Extensionality and more on existence, existential props.
BR TO LOUIS COUTURAT, 14 MAR. 1904
BRACERS 53226. ALS. La Chaux-de-Fonds Bib., Suisse. Russell–Couturat 1: #129
Edited by A.-F. Schmid
14, Cheyne Walk,
Chelsea, S.W.a
le 14 mars 1904
Cher Monsieur,
Je vous remercie d’avance des envois que vous me promettez, qui arriveront sans doûteb demain. Vos questions et vos objections sont très utiles pour moi, car les explications sont beaucoup plus faciles quand on a à répondre à une critique (même hypothétique) que quand il faut les imaginer soi-même.
Pour les diverses égalités : on a (1) « = ... Df » (ce qui, d’après une explication de Peano, ne fait qu’un seul signe). Ceci n’exprime pas « est identique avec » mais « signifie ». Ce qu’on exprime est une P. sur les symboles, non pas sur ce qu’ils expriment.
(2) « . ≡ . » Ceci se définit
p ≡ q . = . p ⸧ q . q ⸧ p Df
Cette relation subsiste (α ) entre deux P. vraies (β) entre deux êtres qui ne sont pas des P. vraies.

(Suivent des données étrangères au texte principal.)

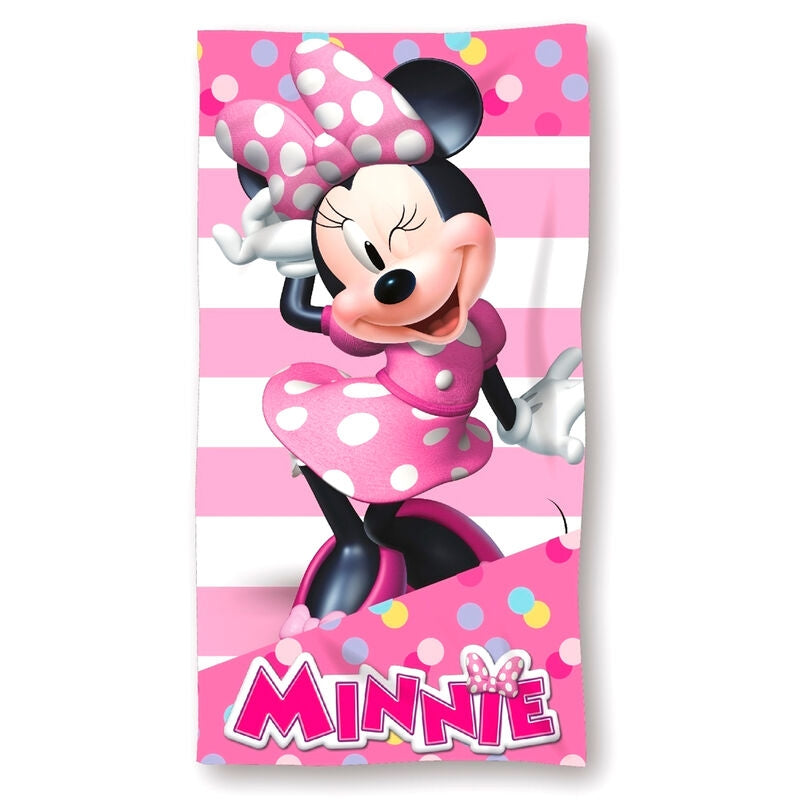 Minnie Mouse Cotton Beach Handduk för barn, Snabbtorkande, Mjuk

(3). x = y . = : φx . ⸧φ . φy Df
Ceci exprime l’identité absolue. On aurac
⊢ :. a, b ε Cls : x ε a . ≡x . x ε b : ⸧ . a = b
Cette P. sera ou bien elle-même une Pp, ou se déduira d’une Pp très voisine de celle-ci. C’est cette P. qui décide qu’on a affaire aux classes en extension : sans elle, l’arithmétique est impossible. On aura de même
⊢ :. P, R ε Rel : xPy . ≡x,y . xRy : ⸧ . P = R
ce qui sera de même une Pp. ou une conséquence d’une Pp. Donc on pourra se passer d’autres espèces d’équivalence.
Je ne suis pas de l’opinion de Kant, que l’existence ne soit pas un prédicat. C’est à dire, je trouve que les 2 concepts : « 100 thalers » et « 100 thalers existantes » sont différentes. La seconde contient l’existence d’une manière analytique. Mais il ne s’en suit nullement (comme le prétend l’argument ontologique) que ces 100 thalers existantes existent en effet. Ce qui manque, c’est l’assertion, c’est ce que Frege représente par « ⊢ ». En termes plus strictes, ce qui manque, c’est la vérité. Une P. qu’on n’affirme pas (ou plutôt que la nature des choses n’affirme pas) contient les mêmes éléments que si elle était affirmé,d c’est à dire vraie. C’est la vérité, et non pas l’existence, qui n’ajoute rien à un concept. (Pour cela il faut, naturellement, que ce soit un concept propositionnelle.e Voir Meinong, Ueber Annahmen, Leipzig, 1902.) Quand je dis que l’existence n’est connue que par expérience, je veutf dire seulement
(1) que tout P. existentielle dont la vérité est évidente est une P. qu’on aperçoit dans la sensation — car la sensation, pour moi, c’est la perception de P. existentielles évidentes ; (2) que quand on démontre l’existence de quoi que ce soit, on emploie toujours au moins une prémisse tirée de l’expérience : on aura l’« existence de a . ⸧ . l’existence de b » et « a existe ». L’implication ne vient pas de l’expérience, mais l’affirmation de la prémisse vient de l’expérience, ou se déduit de quelqu’autre prémisse qui vient de l’expérience. Toute science causale emploie des principes à priori (en un sens), qui permettent de déduire l’existence de l’existence.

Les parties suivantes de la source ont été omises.